Seitdem ist eine lange Zeit vergangen. Britannia befreite sich nicht nur von Rom, sondern wurde auch zu dem, was Rom einst gewesen war, wobei es dann seinen wertvollsten Besitz, die 13 Kolonien in Nordamerika, wieder verlor, die heute den Sitz der römischen Macht darstellen.

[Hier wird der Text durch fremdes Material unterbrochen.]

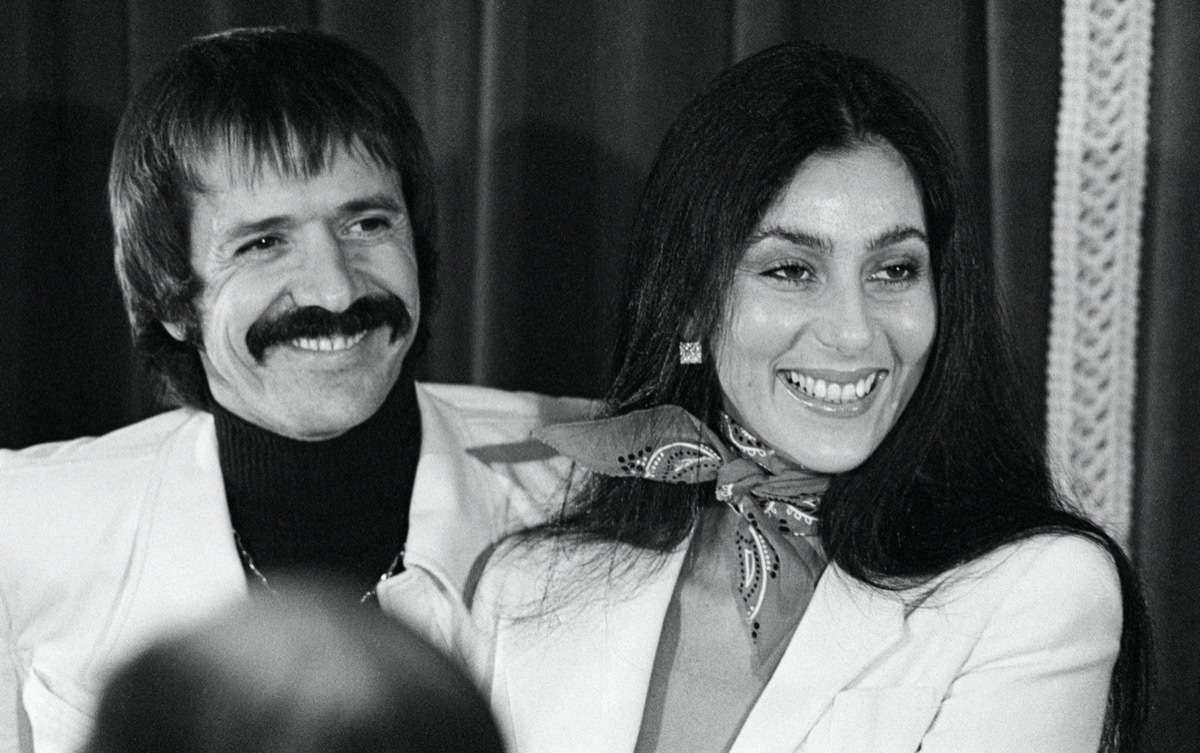 Sonny Bono and Cher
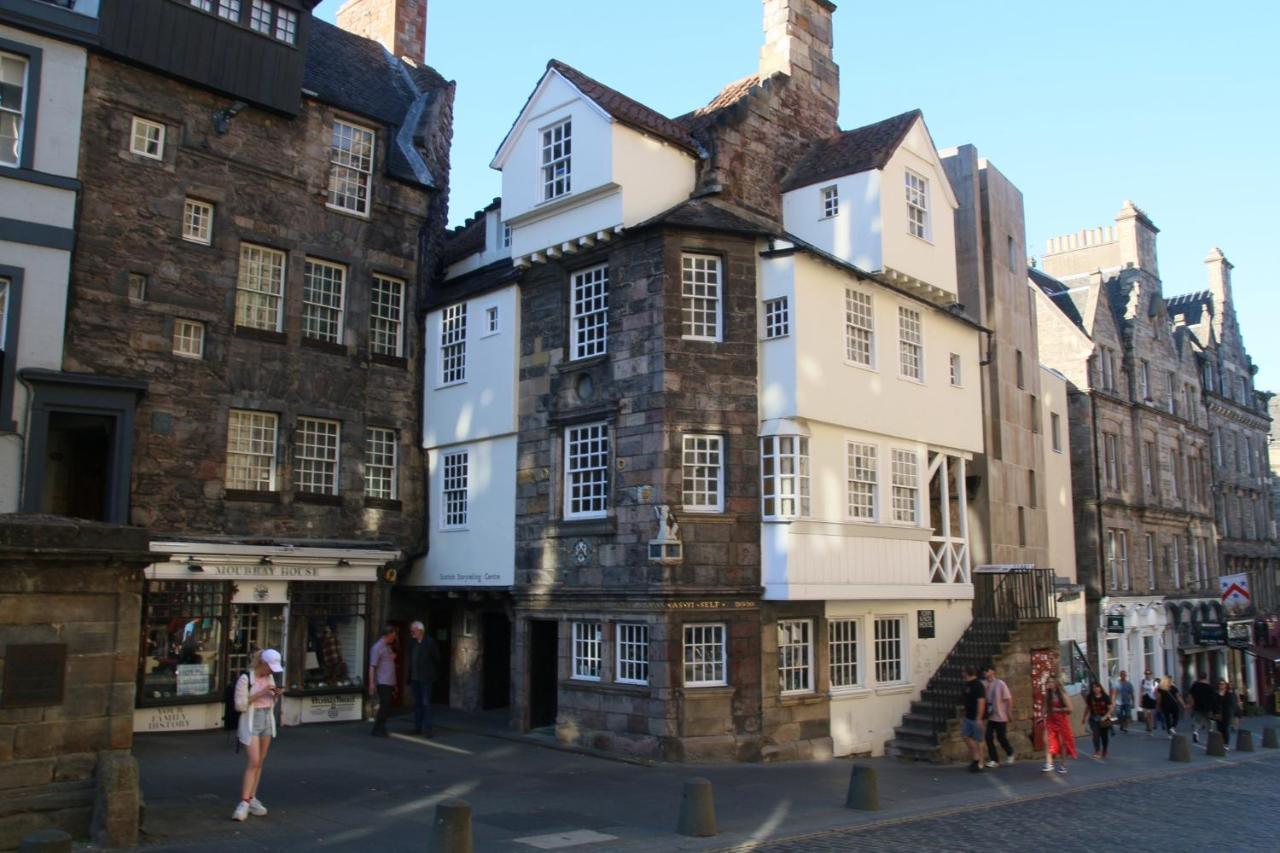 Mid-Mile Leilighet Edinburgh Eksteriør bilde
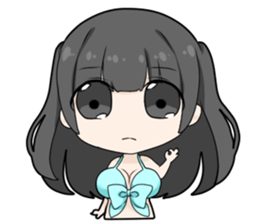 Japanese Idol and Cosplayer!RUNA AMEMIYA sticker #14198639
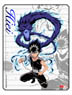 Draw for a Specific Purpose Yu Yu Hakusho B2 Tapestry Hiei (Anime Toy)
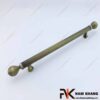 Tay nắm tủ màu đen NK405-R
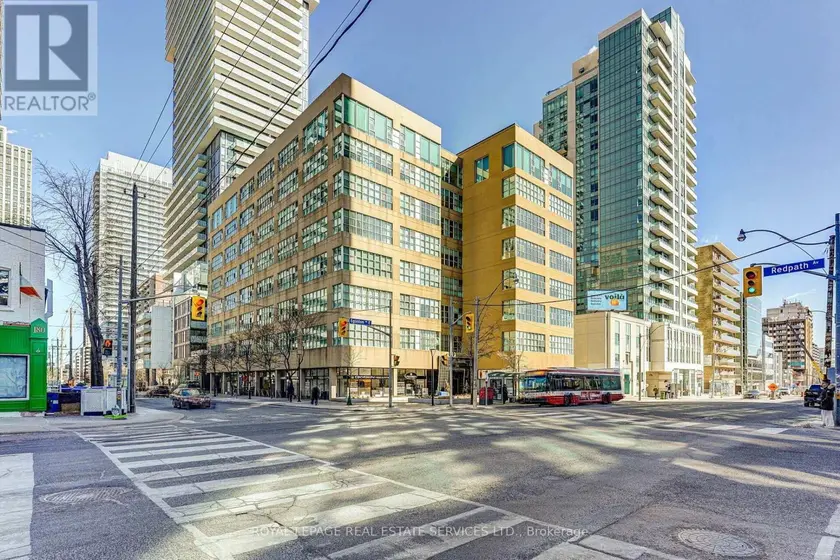 Apartment at 508 - 188 EGLINTON AVENUE E, Toronto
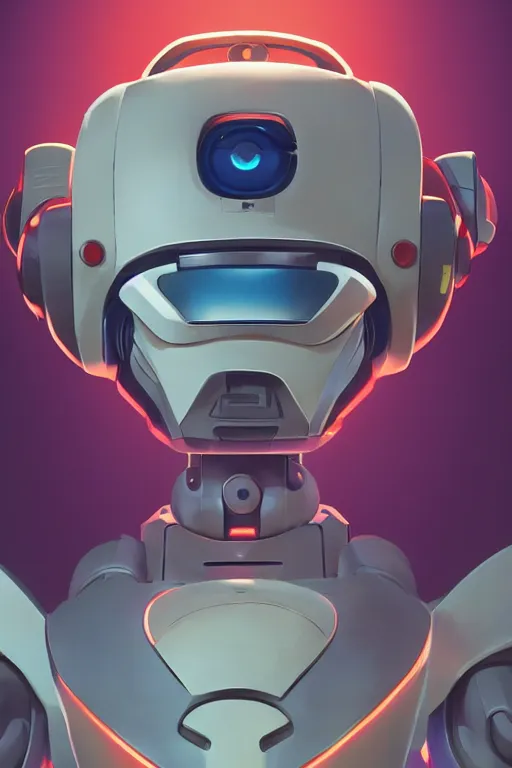 Image similar to metabots medabots medarotto medarot robot minimalist comics helmet mask neon cybereye, behance hd by jesper ejsing, by rhads, makoto shinkai and lois van baarle, ilya kuvshinov, rossdraws global illumination ray tracing hdr radiating a glowing aura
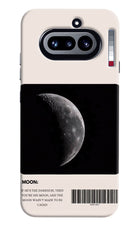 Moon Phase Nothing Phone 4a Hard Case Back Cover by Casekaro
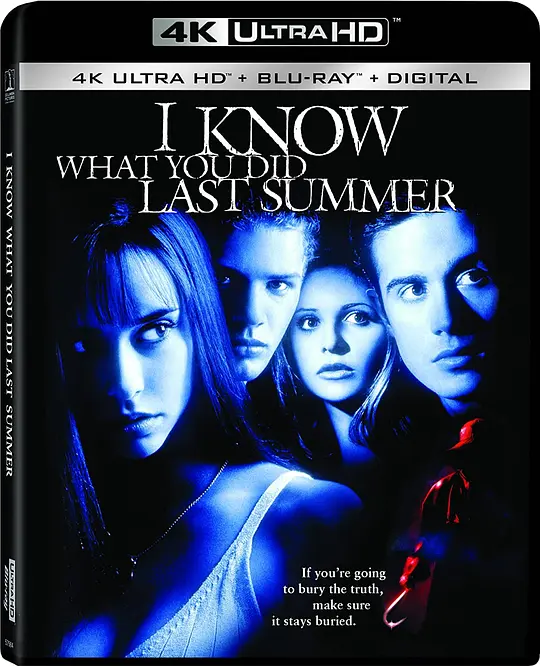 我知道你去年夏天干了什么/I Know What You Did Last Summer 1997美国悬疑惊悚恐怖片[6.3分] - 4K电影下载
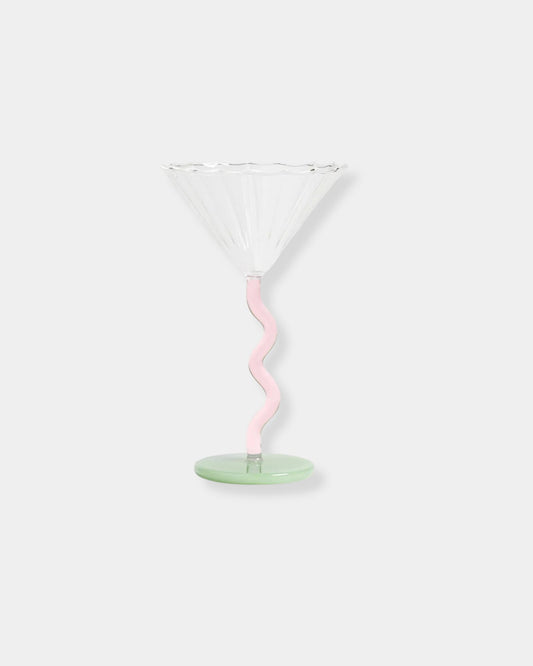 PINK COUP CURVE - GLASS
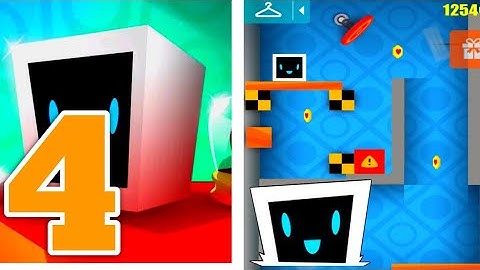 Heart Box - free physics puzzle Level 31-40 | Part 4 - Gameplay walkthrough (Android & iOS)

Die USA erwarben ihr großes Ansehen vor allem durch den Verkauf der verführerischen Vorstellung persönlicher Freiheit. Zweifellos hilft dabei eine furchterregende militärische Macht und der Umstand, die stärkste Wirtschaftsmacht der Welt zu sein, doch übten die USA den stärksten Einfluß auf der kulturellen Ebene aus: im Bereich der Musik, der Sprache, des Films, der Ideen und des Designs. Daß die jüngere Generation auf der ganzen Welt, vielleicht abgesehen von extrem isolierten Ländern wie Nordkorea, das Wort "cool" verwendet, um Dinge zu kennzeichnen, die sie schätzt, und daß dies oft amerikanische Produkte sind; daß sowohl die Zuschauer der NATO-Luftmanöver über Albanien als auch die Zuschauer der serbischen Luftmanöver in diesem Sommer Coca Cola tranken, sind Zeichen, wie die USA die Vorherrschaft über die Welt gewonnen haben.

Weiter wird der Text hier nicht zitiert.